_How to complete this task_
What lines in the entries hold the string "para"? List them.

··········

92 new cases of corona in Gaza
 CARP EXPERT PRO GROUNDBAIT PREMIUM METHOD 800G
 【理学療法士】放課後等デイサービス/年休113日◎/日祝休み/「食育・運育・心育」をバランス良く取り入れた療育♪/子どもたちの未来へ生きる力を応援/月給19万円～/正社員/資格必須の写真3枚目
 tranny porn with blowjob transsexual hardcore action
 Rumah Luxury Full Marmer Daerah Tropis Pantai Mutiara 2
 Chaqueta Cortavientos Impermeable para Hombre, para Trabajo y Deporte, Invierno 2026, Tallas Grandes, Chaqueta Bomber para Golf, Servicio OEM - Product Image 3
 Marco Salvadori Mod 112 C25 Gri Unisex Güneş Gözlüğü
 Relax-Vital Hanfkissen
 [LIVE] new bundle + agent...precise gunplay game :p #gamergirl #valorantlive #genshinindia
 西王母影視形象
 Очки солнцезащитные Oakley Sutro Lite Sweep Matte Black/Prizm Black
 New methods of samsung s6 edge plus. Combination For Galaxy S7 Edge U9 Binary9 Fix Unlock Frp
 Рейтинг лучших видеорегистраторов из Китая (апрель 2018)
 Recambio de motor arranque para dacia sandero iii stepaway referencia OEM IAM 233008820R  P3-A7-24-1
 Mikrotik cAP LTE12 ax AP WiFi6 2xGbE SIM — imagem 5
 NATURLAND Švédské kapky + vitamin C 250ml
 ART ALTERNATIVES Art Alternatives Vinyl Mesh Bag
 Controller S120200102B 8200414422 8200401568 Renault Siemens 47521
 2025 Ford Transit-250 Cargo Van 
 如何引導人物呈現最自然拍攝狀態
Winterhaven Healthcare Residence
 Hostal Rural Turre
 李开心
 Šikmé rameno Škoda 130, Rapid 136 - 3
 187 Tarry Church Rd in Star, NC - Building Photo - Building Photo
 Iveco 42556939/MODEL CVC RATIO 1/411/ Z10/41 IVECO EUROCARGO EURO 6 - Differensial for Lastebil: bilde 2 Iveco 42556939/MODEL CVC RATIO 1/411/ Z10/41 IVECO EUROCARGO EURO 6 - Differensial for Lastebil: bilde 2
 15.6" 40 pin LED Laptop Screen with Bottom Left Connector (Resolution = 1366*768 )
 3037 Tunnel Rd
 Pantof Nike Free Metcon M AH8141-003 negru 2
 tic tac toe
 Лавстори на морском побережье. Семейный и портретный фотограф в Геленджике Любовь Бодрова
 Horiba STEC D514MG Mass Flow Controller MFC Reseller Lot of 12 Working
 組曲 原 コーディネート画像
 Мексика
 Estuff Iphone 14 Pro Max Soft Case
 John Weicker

··········

_Result below_
 Chaqueta Cortavientos Impermeable para Hombre, para Trabajo y Deporte, Invierno 2026, Tallas Grandes, Chaqueta Bomber para Golf, Servicio OEM - Product Image 3
 Recambio de motor arranque para dacia sandero iii stepaway referencia OEM IAM 233008820R  P3-A7-24-1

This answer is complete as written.